Zwierzęta się jeszcze drapią - ale trochę inaczej, swędzą je ranki po ugryzieniach, na razie obserwuję. Najwyżej jutro/pojutrze znowu popudruję. Do sprzątnięcia (prewencyjnego - bo czasem się tam dostawały - choć nie ostatnio) pozostała jeszcze szafa zabudowana :hair: z ubraniami i cała kuchnia (tutaj to raczej nic nie znajdę - nie ma tam takich zakamarków, gdzie koty przesiadują i gdzie to tatałajstwo mogłoby się schować- ale lepiej i tam sprzątnąć - aby była całość).
Mam nadzieję, że udało się opanować i powstrzymać to cholerstwo w zarodku.

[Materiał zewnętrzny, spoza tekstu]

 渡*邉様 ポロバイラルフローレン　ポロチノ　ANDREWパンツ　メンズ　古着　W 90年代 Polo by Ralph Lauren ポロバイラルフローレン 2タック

Tufitka - 2014-11-18, 21:37

Oprócz spryskiwania zwierząt, trzeba również i ich posłania, miejsca w których przebywają, ciemne zakamarki odpowiednio potraktować. Inaczej insekty będą.
Tufitka - 2014-11-19, 11:29

Znowu się zdenerwowałam. Poczytałam sobie w necie różne "bliskie spotkania" ludzi z pchłami. Nie wiem jakim cudem tak długo się uchowałam bez nich w domu :shock: , bo zjawisko jest powszechniejsze niż myślałam. I pchły przytrafiają się również ludziom, którzy nie mają zwierząt. Moja Mama opowiedziała mi, że kiedyś w drodze do pracy w tramwaju "złapała" pchłę :hair: .
Chyba wpadam w paranoję i schiza mnie dopada - jak widzę jakiś paproch to się przyglądam czy to nie pchła. Od tych myśli to mnie wszystko swędzi :evil:
Z uwagi na cykl rozwojowy pcheł trzeba porządnie sprzątać mieszkanie (odkurzacz, mycie podłogi) + opryski ciemnych zakamarków mieszkania, gdzie mogą się schować larwy pcheł na czas przepoczwarzania w dorosłe osobniki przez kilka tygodni. Powtarzać to co najmniej raz w tygodniu przez 3-4 tygodnie, później kontynuować, żeby nie pojawiły się nowe.
W sobotę znowu będzie armagedon w domu. i tak przez kilka najbliższych tygodni. Na wszelki wypadek kupiłam w tym fajnym sklepie ( http://tedan.pl/dobol-fumigator-10g.html ) preparat dymotwórczy. Pan powiedział, że to ostateczność. Na razie trzeba (tak jak robię) spryskać zakamarki preparatem, obserwować czy coś się pojawi znowu. Na razie przy tych pierwszych czystkach jedną pchłę żywą utopiłam, więcej nic nie widziałam, ale może się coś gdzieś (nie daj boże) uchowało to w sobotę i niedzielę znowu zaatakuję.
W sobotę podjadę znowu do sklepu po getox ultra to podpytam czy jak przy okazji stosowania powyższych środków i zabiegów nic się nie pojawiło, to znaczy, że jakoś panuję nad tym. Z jaką częstotliwością powtarzać zabiegi dezynsekcji?
Ciekawe czy mróz zabija pchły w każdej postaci?
Moje mieszkanie będzie teraz jeszcze czystsze niż do tej pory i będzie pryskane w zakamarkach owadobójczymi preparatami. Mam nadzieję, że więcej te małe wredoty nie przekroczą progu mojego domu :confused: .
Niedługo sprzątanie będzie moim hobby i moim mottem stanie się: "dzień bez sprzątania jest dniem straconym" - heh :roll:
Jak sama nie dam im rady, to wezwę panów do pomocy w walce z tymi cholerami.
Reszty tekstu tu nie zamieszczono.